Exercise description:
Nothing in the copy should be a picture; everything else in the listing is to be restated exactly.

Data provided:
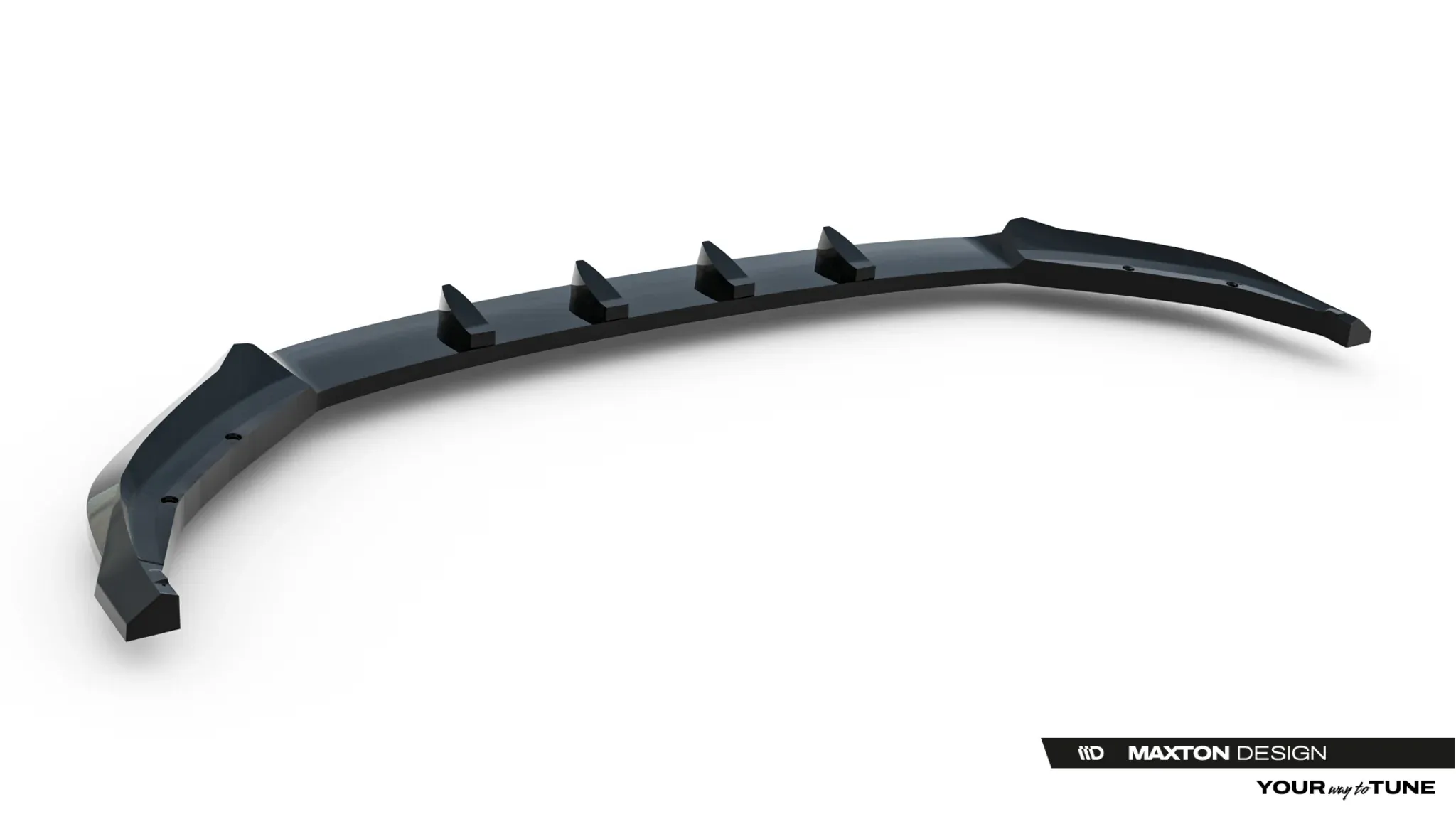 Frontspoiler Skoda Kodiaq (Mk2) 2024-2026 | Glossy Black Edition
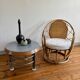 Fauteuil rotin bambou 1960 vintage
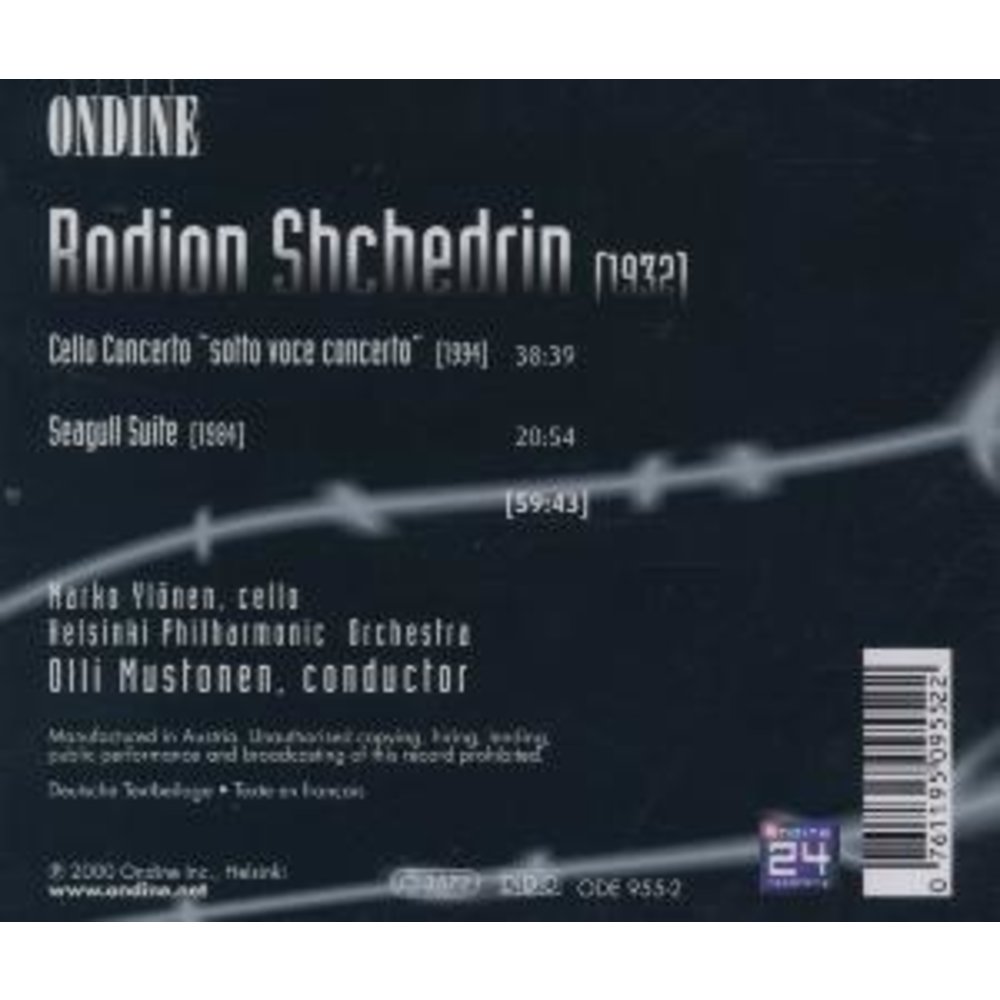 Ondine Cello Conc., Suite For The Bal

Answer space:
 Frontspoiler Skoda Kodiaq (Mk2) 2024-2026 | Glossy Black Edition
 Fauteuil rotin bambou 1960 vintage
 Ondine Cello Conc., Suite For The Bal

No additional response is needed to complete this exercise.